- _Caption-style text data_:
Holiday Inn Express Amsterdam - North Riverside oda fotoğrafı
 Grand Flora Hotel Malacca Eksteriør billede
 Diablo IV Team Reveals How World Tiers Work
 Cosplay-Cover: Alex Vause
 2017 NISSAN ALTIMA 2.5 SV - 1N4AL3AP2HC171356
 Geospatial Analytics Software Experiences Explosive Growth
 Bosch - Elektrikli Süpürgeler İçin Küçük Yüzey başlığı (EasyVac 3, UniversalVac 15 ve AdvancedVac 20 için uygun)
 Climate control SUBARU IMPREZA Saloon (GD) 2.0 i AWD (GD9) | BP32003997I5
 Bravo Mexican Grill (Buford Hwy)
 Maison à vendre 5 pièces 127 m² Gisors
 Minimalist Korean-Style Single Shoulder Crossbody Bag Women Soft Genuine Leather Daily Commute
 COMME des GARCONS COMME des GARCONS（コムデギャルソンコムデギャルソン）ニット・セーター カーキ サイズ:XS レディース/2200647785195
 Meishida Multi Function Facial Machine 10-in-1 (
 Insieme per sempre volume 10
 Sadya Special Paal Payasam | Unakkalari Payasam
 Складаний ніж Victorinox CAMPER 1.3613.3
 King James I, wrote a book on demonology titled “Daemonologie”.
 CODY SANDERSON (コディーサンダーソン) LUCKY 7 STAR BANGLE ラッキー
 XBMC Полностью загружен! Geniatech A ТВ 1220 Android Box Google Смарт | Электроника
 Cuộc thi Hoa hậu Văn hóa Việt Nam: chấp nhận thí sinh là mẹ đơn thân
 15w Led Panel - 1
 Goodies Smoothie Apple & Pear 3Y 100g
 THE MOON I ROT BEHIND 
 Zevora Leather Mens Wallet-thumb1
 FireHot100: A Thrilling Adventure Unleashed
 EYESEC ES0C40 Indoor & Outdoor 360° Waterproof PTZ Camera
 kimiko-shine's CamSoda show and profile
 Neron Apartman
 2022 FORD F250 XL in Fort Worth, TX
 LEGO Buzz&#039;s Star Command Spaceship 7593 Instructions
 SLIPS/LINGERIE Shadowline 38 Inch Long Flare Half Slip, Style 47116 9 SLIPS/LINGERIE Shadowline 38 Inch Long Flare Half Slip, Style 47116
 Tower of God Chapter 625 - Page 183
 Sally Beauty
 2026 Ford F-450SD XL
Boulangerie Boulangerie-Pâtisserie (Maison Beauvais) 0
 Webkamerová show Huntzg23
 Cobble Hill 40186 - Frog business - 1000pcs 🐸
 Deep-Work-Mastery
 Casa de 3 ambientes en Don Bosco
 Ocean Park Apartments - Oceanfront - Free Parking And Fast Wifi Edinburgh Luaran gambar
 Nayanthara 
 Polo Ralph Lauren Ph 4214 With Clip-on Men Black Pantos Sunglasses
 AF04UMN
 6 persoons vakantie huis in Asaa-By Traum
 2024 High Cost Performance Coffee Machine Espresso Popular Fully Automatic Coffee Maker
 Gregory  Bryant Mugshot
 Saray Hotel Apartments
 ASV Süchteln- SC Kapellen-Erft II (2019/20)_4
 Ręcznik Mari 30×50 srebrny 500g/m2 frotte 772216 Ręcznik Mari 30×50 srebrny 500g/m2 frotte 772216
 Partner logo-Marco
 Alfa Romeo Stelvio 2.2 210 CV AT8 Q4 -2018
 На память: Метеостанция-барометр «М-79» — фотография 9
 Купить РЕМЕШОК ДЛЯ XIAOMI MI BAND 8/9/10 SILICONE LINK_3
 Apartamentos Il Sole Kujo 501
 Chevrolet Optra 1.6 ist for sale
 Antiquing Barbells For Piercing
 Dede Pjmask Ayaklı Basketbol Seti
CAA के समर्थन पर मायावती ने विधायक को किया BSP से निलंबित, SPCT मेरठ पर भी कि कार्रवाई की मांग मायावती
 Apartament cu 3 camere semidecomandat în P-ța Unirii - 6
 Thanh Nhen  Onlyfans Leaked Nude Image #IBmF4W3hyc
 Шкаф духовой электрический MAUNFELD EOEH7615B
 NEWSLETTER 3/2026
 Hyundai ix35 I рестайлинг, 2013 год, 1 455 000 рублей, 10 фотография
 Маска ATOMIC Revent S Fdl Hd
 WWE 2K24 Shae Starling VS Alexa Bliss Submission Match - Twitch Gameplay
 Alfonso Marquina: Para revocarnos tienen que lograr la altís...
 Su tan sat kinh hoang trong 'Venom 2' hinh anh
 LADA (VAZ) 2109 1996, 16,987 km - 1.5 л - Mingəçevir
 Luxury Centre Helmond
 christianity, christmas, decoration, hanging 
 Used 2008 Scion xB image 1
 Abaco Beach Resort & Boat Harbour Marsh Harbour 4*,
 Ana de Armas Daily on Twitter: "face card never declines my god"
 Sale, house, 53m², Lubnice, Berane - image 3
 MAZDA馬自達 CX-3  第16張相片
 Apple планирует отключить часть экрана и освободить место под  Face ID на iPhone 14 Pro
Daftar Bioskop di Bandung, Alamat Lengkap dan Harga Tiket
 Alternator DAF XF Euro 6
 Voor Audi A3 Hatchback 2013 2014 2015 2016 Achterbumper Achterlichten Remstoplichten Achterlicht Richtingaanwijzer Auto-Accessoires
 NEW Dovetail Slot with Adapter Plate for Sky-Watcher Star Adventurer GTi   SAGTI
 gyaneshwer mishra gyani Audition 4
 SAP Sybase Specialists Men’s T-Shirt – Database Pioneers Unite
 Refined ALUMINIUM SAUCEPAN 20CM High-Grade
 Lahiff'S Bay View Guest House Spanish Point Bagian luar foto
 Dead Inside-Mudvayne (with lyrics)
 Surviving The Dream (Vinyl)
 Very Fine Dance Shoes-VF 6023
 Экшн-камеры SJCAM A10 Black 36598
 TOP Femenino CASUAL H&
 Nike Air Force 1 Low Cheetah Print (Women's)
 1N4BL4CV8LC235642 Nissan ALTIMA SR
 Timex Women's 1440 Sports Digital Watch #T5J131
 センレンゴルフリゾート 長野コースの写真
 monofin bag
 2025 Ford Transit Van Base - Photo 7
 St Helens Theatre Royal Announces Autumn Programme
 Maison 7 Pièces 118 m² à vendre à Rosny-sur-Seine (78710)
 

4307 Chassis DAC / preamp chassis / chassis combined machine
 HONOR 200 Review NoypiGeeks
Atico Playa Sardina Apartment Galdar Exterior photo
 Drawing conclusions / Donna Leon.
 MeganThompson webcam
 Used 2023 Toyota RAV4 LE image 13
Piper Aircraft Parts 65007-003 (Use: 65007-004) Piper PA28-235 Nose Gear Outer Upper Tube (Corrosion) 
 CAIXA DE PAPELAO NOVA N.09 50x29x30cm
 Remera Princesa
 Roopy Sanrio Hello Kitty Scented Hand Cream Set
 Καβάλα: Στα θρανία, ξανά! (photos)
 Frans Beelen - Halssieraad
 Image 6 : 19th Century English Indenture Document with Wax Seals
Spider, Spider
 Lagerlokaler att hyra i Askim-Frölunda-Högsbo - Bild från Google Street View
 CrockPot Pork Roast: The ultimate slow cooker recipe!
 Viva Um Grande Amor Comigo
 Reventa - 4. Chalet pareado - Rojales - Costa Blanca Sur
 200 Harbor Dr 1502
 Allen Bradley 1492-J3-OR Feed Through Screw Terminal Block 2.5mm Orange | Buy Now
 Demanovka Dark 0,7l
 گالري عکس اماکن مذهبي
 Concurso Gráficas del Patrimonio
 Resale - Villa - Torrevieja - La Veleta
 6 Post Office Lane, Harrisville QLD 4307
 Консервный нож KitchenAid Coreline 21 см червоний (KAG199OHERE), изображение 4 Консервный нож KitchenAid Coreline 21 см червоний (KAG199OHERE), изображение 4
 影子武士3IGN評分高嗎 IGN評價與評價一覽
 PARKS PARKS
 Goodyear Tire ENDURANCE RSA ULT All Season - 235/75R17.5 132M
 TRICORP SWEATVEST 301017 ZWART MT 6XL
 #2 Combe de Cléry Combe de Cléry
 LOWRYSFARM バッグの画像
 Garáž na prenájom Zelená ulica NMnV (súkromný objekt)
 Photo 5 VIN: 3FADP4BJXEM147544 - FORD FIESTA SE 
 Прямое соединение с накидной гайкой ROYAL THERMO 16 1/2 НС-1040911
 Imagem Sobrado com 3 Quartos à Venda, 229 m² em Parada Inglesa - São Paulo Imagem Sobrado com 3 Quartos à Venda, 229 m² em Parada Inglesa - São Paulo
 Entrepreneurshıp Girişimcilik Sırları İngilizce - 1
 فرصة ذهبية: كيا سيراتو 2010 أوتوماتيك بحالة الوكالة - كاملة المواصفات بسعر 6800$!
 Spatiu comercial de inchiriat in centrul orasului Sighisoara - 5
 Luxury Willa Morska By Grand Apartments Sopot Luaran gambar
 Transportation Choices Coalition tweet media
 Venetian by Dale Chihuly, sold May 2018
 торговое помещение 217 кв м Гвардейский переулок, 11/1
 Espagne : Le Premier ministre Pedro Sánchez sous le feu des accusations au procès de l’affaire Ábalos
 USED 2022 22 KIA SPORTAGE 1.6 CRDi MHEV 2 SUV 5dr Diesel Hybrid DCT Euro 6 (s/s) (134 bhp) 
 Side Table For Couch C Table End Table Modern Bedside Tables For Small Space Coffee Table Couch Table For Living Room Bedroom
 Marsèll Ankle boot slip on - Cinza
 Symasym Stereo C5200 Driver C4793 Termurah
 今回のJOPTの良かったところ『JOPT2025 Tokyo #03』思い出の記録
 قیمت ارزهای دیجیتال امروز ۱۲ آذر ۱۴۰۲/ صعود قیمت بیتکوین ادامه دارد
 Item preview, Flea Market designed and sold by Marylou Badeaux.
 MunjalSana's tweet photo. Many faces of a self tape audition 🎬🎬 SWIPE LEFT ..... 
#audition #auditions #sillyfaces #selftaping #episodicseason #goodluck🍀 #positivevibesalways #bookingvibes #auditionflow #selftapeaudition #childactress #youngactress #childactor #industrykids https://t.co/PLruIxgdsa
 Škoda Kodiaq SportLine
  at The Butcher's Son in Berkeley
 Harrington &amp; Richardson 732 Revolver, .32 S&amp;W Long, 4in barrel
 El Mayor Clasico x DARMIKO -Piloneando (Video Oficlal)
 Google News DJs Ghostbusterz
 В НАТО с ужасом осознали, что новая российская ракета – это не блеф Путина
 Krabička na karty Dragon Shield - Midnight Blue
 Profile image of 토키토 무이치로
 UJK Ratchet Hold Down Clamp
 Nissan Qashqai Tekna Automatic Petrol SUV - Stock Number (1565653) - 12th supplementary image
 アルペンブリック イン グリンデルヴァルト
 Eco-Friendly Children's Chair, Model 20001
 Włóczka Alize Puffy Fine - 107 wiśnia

- _Instructions for the task_: Copy out exactly the lines that run from the one holding "торговое помещение 217" through the end of the data above.

- _Result_:
 торговое помещение 217 кв м Гвардейский переулок, 11/1
 Espagne : Le Premier ministre Pedro Sánchez sous le feu des accusations au procès de l’affaire Ábalos
 USED 2022 22 KIA SPORTAGE 1.6 CRDi MHEV 2 SUV 5dr Diesel Hybrid DCT Euro 6 (s/s) (134 bhp) 
 Side Table For Couch C Table End Table Modern Bedside Tables For Small Space Coffee Table Couch Table For Living Room Bedroom
 Marsèll Ankle boot slip on - Cinza
 Symasym Stereo C5200 Driver C4793 Termurah
 今回のJOPTの良かったところ『JOPT2025 Tokyo #03』思い出の記録
 قیمت ارزهای دیجیتال امروز ۱۲ آذر ۱۴۰۲/ صعود قیمت بیتکوین ادامه دارد
 Item preview, Flea Market designed and sold by Marylou Badeaux.
 MunjalSana's tweet photo. Many faces of a self tape audition 🎬🎬 SWIPE LEFT ..... 
#audition #auditions #sillyfaces #selftaping #episodicseason #goodluck🍀 #positivevibesalways #bookingvibes #auditionflow #selftapeaudition #childactress #youngactress #childactor #industrykids https://t.co/PLruIxgdsa
 Škoda Kodiaq SportLine
  at The Butcher's Son in Berkeley
 Harrington &amp; Richardson 732 Revolver, .32 S&amp;W Long, 4in barrel
 El Mayor Clasico x DARMIKO -Piloneando (Video Oficlal)
 Google News DJs Ghostbusterz
 В НАТО с ужасом осознали, что новая российская ракета – это не блеф Путина
 Krabička na karty Dragon Shield - Midnight Blue
 Profile image of 토키토 무이치로
 UJK Ratchet Hold Down Clamp
 Nissan Qashqai Tekna Automatic Petrol SUV - Stock Number (1565653) - 12th supplementary image
 アルペンブリック イン グリンデルヴァルト
 Eco-Friendly Children's Chair, Model 20001
 Włóczka Alize Puffy Fine - 107 wiśnia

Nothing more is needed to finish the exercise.